Using only the entries below, copy exactly the lines that begin at the one with "タロットやオラクルカードのイラスト描きます 手描き風の優しいイラスト。オリジナルカード作成用にも。 イメージ3" and end at the one with "Ann Taylor 100%", both included. Drop the pictures.

──────── DATA PROVIDED

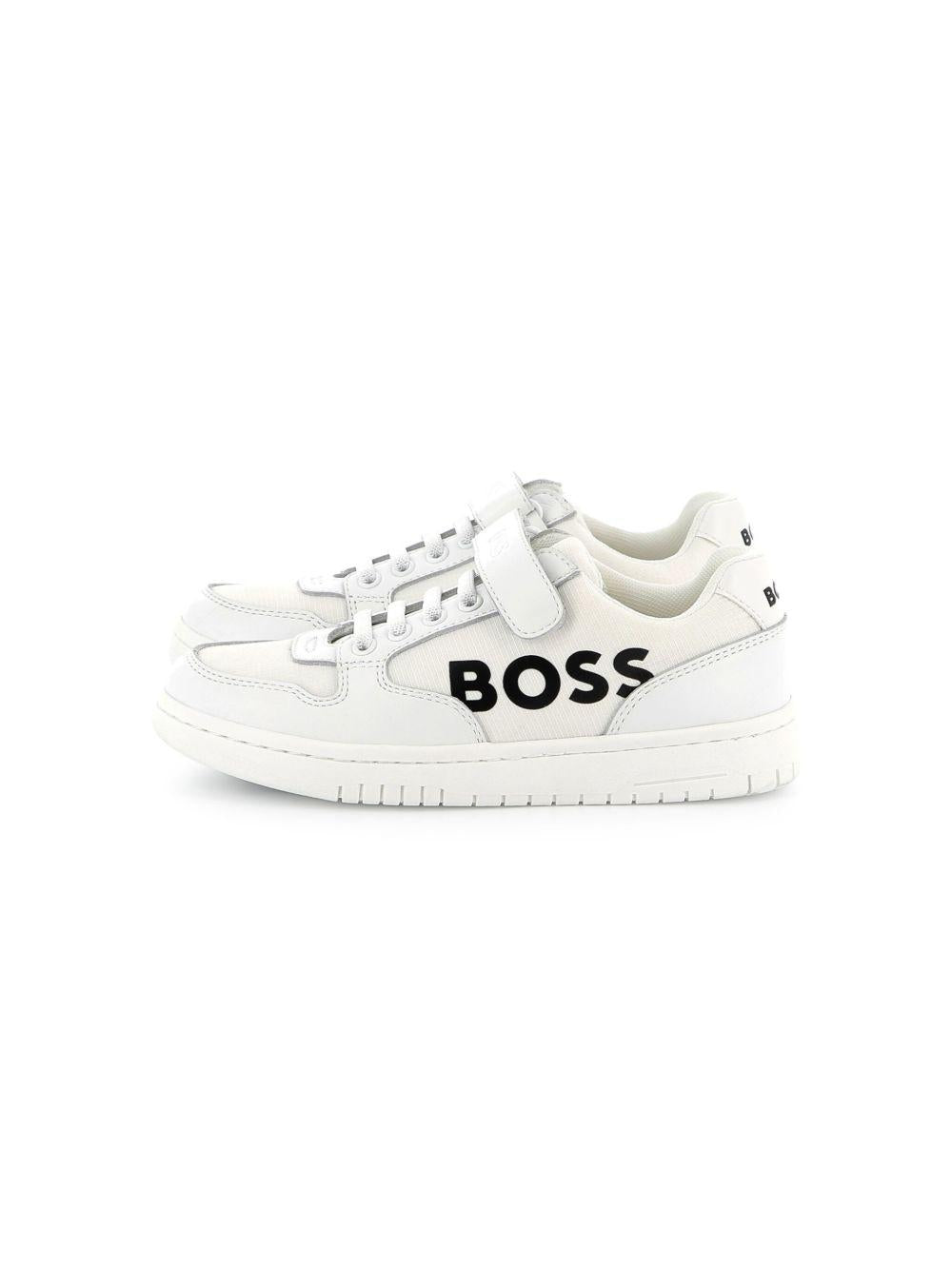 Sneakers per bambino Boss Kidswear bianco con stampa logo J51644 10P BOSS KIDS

────────────────
──────── DATA PROVIDED

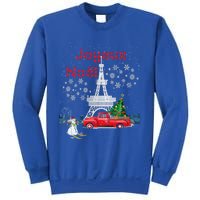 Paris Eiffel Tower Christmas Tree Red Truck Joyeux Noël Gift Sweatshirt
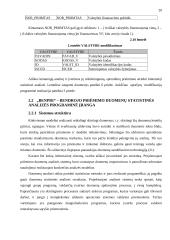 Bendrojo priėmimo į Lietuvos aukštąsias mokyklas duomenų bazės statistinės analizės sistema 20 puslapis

────────────────
──────── DATA PROVIDED

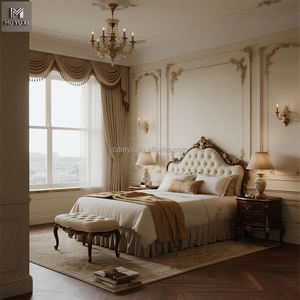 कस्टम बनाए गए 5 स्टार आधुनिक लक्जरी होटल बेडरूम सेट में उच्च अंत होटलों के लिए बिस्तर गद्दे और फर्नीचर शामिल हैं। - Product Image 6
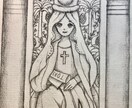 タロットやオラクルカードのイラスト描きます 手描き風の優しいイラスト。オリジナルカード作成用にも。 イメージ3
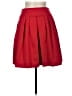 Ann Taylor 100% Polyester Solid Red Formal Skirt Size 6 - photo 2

────────────────

**TASK RESULT**
 タロットやオラクルカードのイラスト描きます 手描き風の優しいイラスト。オリジナルカード作成用にも。 イメージ3
 Ann Taylor 100% Polyester Solid Red Formal Skirt Size 6 - photo 2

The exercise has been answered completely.